Julie LudwigHAMILTON

Hamilton’s first art song concert series announced itself on the Internet last month with a simple but elegant website: The Linden Project. Its founders are soprano Julie Ludwig (whom you may remember as a sparkling Adele in Opera 5’s Die Fledermaus) and baritone Jeremy Ludwig (whom you might have noticed in Tongue in Cheek Productions’ 24-baritone/bass Winterreise and Opera 5’s The Boatswain’s Mate). To set it all off on November 3 at St. Cuthbert’s Presbyterian is a concert billed, appropriately enough, as The Song Sampler. “Wondering what we’re all about? Get a flavour of what we mean by art song. We’re dedicated to the core of this repertoire, but also not afraid to do something different,” reads the refreshingly straightforward promo copy for the concert. The program is another praiseworthy move, available well in advance and downloadable. It shows a selection spanning Italian and English Baroque, fin de siècle French and Austrians, 20th-century Brits and post-1970s sophisticated pop classics.

“We love art song, and we’d like to introduce Hamiltonians to some of the music that we find so meaningful,” writes back Julie Ludwig when I email the couple to learn more about their plans for the series. “To our knowledge, The Linden Project is the first of its kind in Hamilton. There are other concert series, of course, but none that are dedicated exclusively to song repertoire.

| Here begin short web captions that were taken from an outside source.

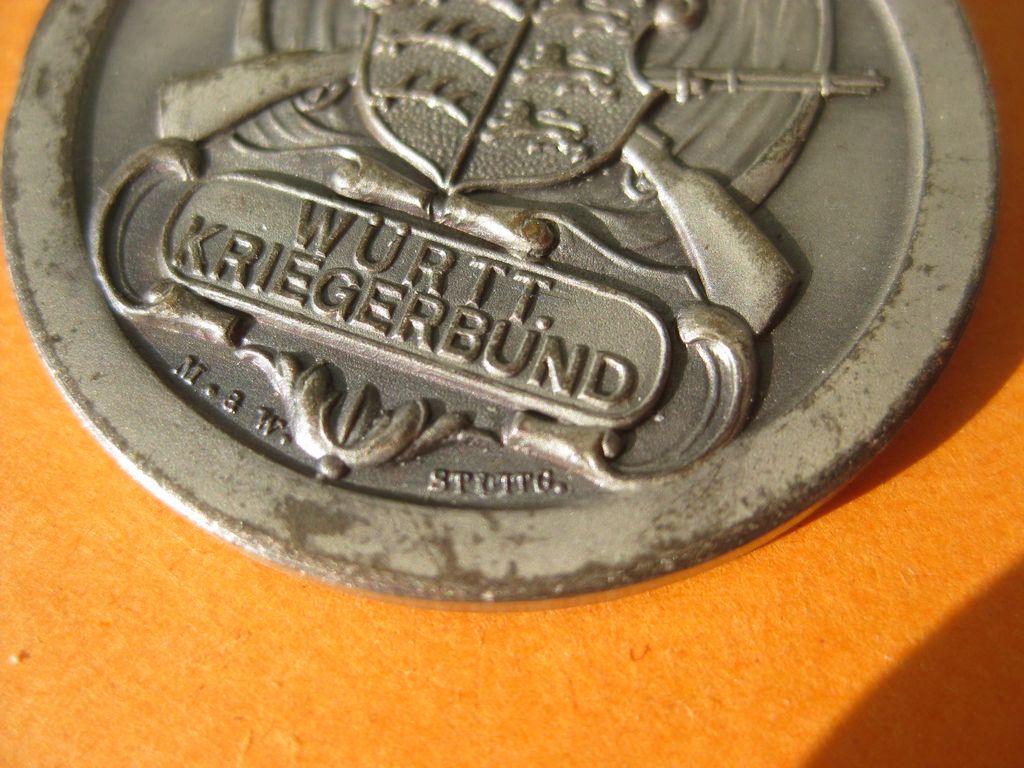 Medaille Kriegerbund Württemberg Hersteller: M.&amp;W. in Stuttgart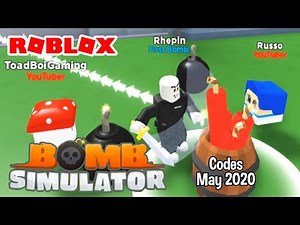 Roblox Bomb Simulator Codes May 2020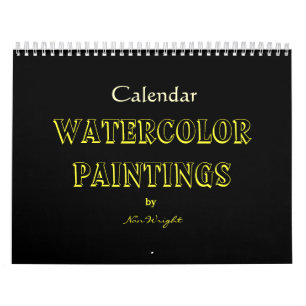 Calendário Pinturas em Aquarela de Nan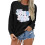 Γυναικεία Φούτερ με Μακρυμάνικο Στρογγυλό Ντεκολτέ και Κλειστούς Ώμους 3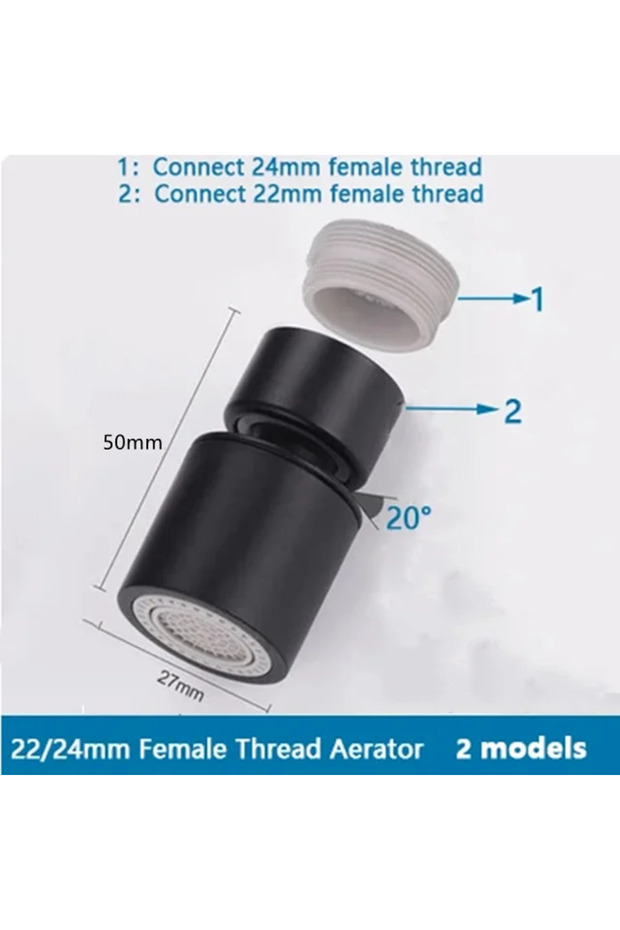 1PCS New 360° Rotary Faucet Extender Black Brass Adjustable 2 Mode Washbasin Faucet Nozzle Rotary Sp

Hamilton is an eclectic city: several choirs, lots of musical theatre, the Hamilton Philharmonic Orchestra, and a very active rock and folk scene. We want to bring together both kinds of audiences: those who already enjoy classical music, and those who might not be familiar with it but are open to trying something new.”

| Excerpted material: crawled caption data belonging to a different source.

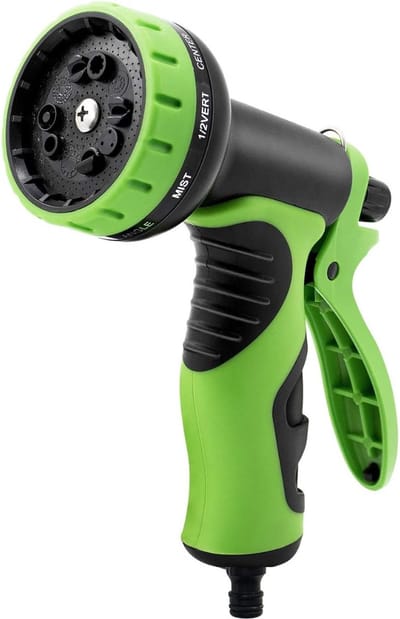 MD-Goods ® Sproeipistool met 9 Spuitstanden - Sproeikop voor Tuinslang - Broespistool met Softgrip- Broeskop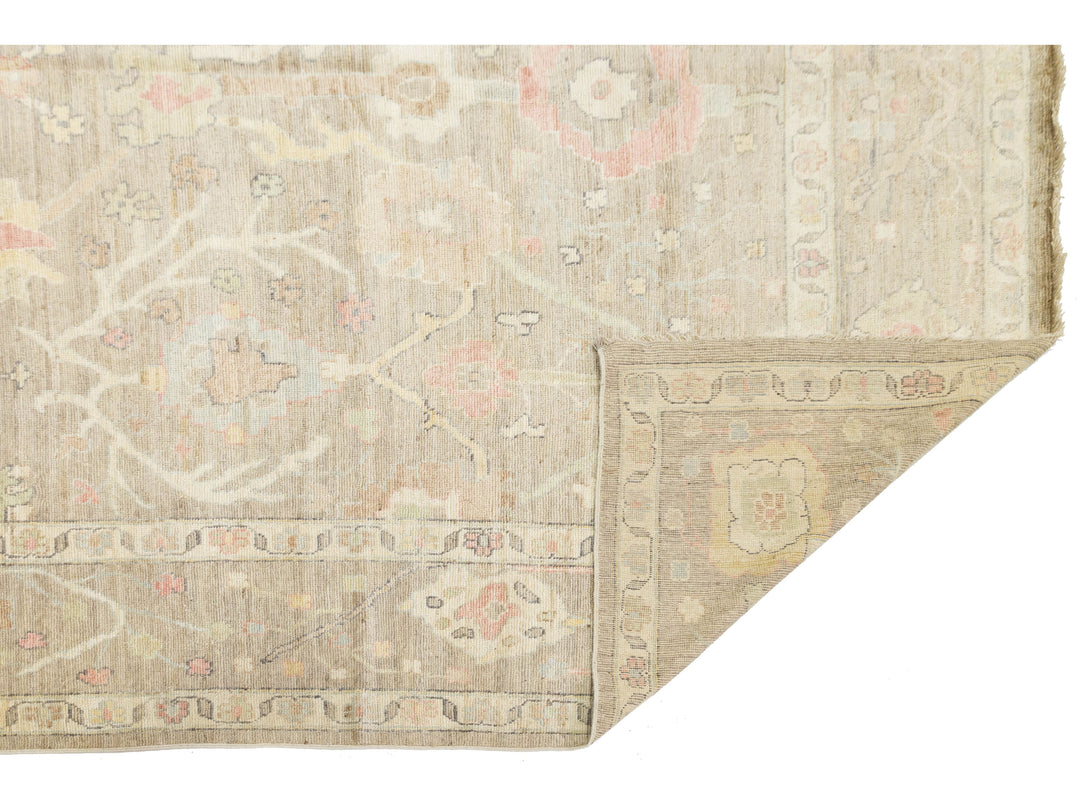 Modern Oushak Wool Rug 10 X 18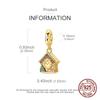 Golden Bell Charms Copper Craft Can Be Opened And Closed Dangle Pendant Fit Bangle Bracelet Necklace Handmade Jewelry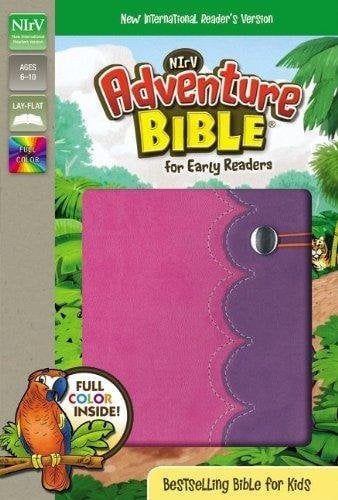 Zonderkidz NIrV Adventure Bible for Early Readers, pink/purple 4597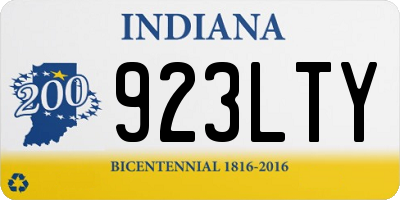 IN license plate 923LTY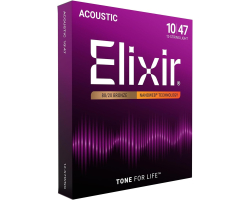 Струни для акустичних гітар ELIXIR PB NW 12 L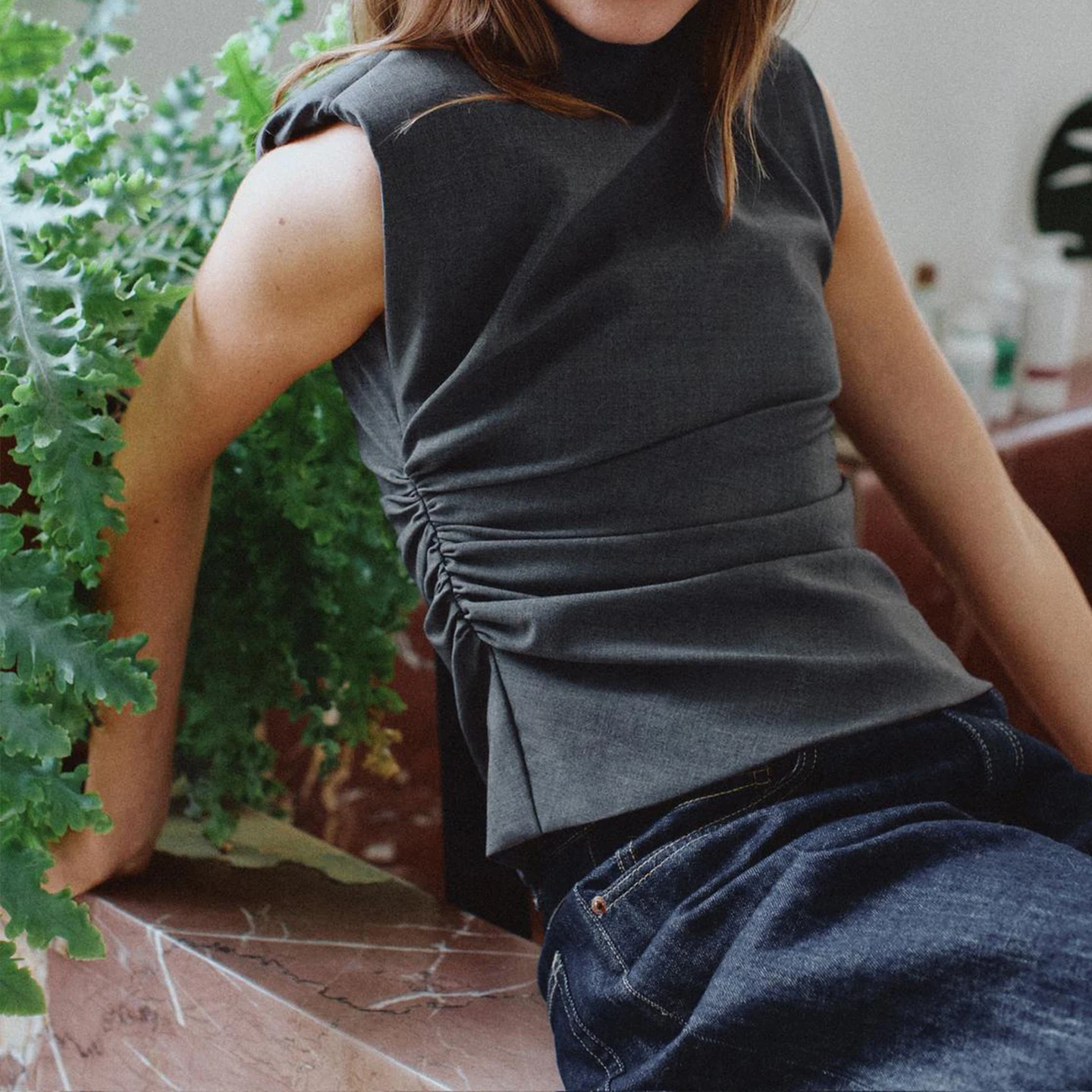 Ele Casual Women's irt with Padded oulder Autumn New Sle 2025 Z Other Material Women's Faion Outerwear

Jeremy LudwigThe idea for a song concert series came to the Ludwigs soon after they moved to Hamilton in 2014. Each had given song recitals there and “It was the response to those recitals that encouraged us to start The Linden Project. We both love art song – how much room there is for expression and how closely the music is linked to the poetry – and we saw how the audiences at our recitals appreciated the music, much of which had been unfamiliar.”

They’re starting off with just two recitals in the pilot season, both of which will be sung by them. “We definitely intend to involve other singers in the future,” writes Julie in reply to my question about their programming plans. “Each program will be centred around a theme and will include a mix of standard and more obscure rep. As much as possible, we intend to include music by living Canadian composers. Without giving too much away, we have a few ideas kicking around for future recitals, such as commissioning new works, commissioning illustrations for our projections, incorporating theatrical elements.” The venues will change with each new concert. “We intend to select venues that are appropriate for the repertoire on each program. Churches and small concert halls are very practical, of course, but we also want to bring our concerts to other Hamilton locations.”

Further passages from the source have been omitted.